O texto em tramitação no Senado prevê que a renovação automática só ocorrerá se não houver alteração nas características e no porte do empreendimento, se não tiver ocorrido alteração na legislação ambiental aplicável e se forem cumpridas as condicionantes da licença, mediante apresentação de relatório assinado por profissional da área.
“Entendemos que a renovação automática é um importante instrumento desburocratizante do licenciamento ambiental, que é almejado por toda a sociedade. Contudo, compreendemos que ela não pode ser aplicada a empreendimentos de maior complexidade e de grande impacto ambiental”, alegou Confúcio.
Emenda do senador Paulo Paim (PT-RS) foi parcialmente acatada para que alterações na operação da atividade que não tenham impacto ambiental negativo avaliado nas etapas anteriores do licenciamento sejam comunicadas com antecedência mínima de 30 dias à autoridade licenciadora.
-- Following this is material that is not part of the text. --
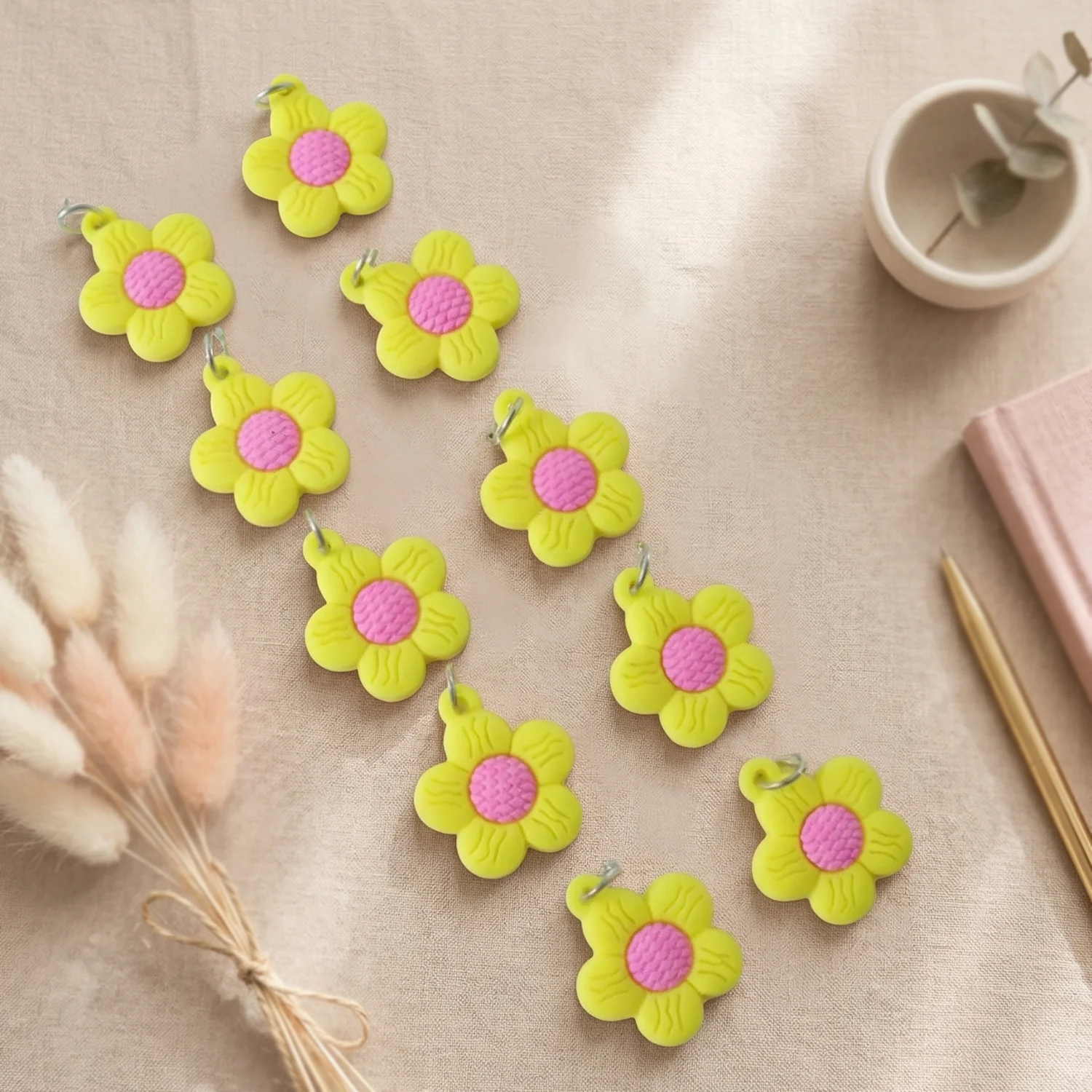 Cute Flower Shape Bag Charm Keychain Set (10 Pc Set) - Image 4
Depois desse prazo, se não houver manifestação do órgão público, será considerado que a autorização foi concedida.
Foram acatadas ainda, parcialmente, emendas dos ex-senadores Jorginho Mello e Jean Paul Prates que tratam da habilitação profissional da equipe responsável pelos estudos ambientais.
Uma delas exige que a equipe seja composta por profissionais em situação de regularidade nos respectivos conselhos de fiscalização de sua profissão, quando for o caso, para que possam ser feitas as devidas anotações de responsabilidade técnica (ART). Outra exige a habilitação da equipe técnica responsável pelos estudos ambientais nas áreas em que atuará, além de excluir da proposição a previsão de histórico negativo de fraudes e rejeições de estudos.
Atualmente, a Lei 9.605, de 1998, estabelece que o crime de construir ou reformar obras ou serviços poluidores sem licença ambiental gera pena de prisão de um a seis meses. Os senadores estenderam a pena para seis meses a dois anos ou multa, ou ambas cumulativamente. De acordo com o projeto, essa pena será aumentada até o dobro se o licenciamento da atividade ou do empreendimento for sujeito ao Estudo Prévio de Impacto Ambiental.
Em complementação de voto na última terça-feira, 20, Confúcio Moura acatou emendas dos senadores Luis Carlos Heinze (PP-RS) e Mecias de Jesus (Republicanos-RR) para simplificar o licenciamento relativo a projetos relacionados à segurança energética nacional.
O relator também acatou duas emendas do senador Jayme Campos (União-MT) que alteram a Lei da Mata Atlântica e a Lei Complementar 140, de 2011, para que não haja conflito sobre qual ente federativo deverá ser o responsável pelo licenciamento ou pela autorização de desmatamento de terras em fronteiras entre estados e municípios.